___ Information given ___
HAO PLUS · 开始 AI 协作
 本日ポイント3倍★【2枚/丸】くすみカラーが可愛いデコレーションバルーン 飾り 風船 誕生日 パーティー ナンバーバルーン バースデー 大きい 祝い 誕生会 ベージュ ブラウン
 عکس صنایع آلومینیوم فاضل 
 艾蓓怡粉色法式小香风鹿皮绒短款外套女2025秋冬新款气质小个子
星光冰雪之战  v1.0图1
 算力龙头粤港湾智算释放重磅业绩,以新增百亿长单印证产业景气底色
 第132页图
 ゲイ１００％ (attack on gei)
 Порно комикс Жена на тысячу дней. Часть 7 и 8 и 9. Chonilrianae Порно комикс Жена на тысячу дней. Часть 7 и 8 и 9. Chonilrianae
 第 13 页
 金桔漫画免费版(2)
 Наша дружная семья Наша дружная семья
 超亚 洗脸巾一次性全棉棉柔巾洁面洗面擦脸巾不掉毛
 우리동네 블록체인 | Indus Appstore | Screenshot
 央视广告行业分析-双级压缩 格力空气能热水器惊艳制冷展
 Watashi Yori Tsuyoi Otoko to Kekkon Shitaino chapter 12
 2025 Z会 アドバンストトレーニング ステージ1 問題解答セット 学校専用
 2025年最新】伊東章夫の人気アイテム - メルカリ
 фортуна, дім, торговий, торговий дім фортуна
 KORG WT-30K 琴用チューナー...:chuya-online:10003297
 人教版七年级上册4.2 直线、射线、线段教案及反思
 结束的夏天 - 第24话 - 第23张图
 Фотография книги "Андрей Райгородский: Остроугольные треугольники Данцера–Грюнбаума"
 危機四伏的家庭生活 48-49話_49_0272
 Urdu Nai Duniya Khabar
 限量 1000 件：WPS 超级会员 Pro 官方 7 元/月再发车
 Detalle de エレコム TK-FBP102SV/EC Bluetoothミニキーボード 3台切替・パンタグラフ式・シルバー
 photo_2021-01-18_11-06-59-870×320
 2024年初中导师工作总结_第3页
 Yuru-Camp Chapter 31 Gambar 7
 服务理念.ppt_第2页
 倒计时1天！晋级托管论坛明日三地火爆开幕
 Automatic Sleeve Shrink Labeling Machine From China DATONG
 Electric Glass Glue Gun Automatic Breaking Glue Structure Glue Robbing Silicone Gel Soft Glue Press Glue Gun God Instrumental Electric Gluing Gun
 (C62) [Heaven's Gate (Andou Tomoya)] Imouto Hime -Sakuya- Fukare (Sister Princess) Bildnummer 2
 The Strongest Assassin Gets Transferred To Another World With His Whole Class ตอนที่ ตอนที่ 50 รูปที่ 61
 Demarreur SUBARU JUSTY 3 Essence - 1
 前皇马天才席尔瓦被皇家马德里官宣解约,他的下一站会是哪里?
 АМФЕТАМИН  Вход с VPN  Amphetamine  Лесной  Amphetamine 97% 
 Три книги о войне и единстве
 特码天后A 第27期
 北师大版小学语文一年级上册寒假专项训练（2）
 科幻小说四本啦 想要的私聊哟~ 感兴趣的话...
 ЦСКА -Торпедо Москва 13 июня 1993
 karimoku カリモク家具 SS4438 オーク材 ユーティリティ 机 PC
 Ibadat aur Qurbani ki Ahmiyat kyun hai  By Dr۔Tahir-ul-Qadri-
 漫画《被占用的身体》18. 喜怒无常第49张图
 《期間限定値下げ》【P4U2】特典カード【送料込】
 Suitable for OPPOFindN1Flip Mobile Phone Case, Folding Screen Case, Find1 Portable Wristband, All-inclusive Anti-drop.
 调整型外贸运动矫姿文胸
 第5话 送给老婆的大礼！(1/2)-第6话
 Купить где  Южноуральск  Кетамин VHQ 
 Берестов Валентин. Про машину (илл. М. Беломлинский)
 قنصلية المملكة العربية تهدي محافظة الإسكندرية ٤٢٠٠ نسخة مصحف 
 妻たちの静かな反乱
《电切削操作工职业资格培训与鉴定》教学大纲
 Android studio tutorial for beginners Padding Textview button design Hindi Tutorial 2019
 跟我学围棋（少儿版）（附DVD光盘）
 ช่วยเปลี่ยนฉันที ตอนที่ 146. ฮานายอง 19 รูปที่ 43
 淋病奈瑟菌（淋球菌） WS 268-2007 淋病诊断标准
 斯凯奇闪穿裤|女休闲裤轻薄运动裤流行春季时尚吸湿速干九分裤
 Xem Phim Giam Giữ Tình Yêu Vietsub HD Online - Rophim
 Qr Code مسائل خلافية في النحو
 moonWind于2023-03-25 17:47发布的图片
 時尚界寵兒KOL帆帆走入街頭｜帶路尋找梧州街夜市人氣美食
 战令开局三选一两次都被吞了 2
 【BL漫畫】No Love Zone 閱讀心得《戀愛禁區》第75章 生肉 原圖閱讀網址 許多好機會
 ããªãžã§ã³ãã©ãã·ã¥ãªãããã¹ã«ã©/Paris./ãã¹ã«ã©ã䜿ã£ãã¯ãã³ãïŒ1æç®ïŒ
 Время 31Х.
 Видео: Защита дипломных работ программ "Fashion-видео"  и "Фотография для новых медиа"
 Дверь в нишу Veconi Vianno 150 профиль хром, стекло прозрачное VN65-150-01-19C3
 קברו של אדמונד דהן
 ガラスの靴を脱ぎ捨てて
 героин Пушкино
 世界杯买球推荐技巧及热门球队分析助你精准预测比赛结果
___
Your assignment ▸ Looking at the records above, state the number of lines where the word "ตอนท" occurs, and write nothing beyond it.

Answer below ▸ 2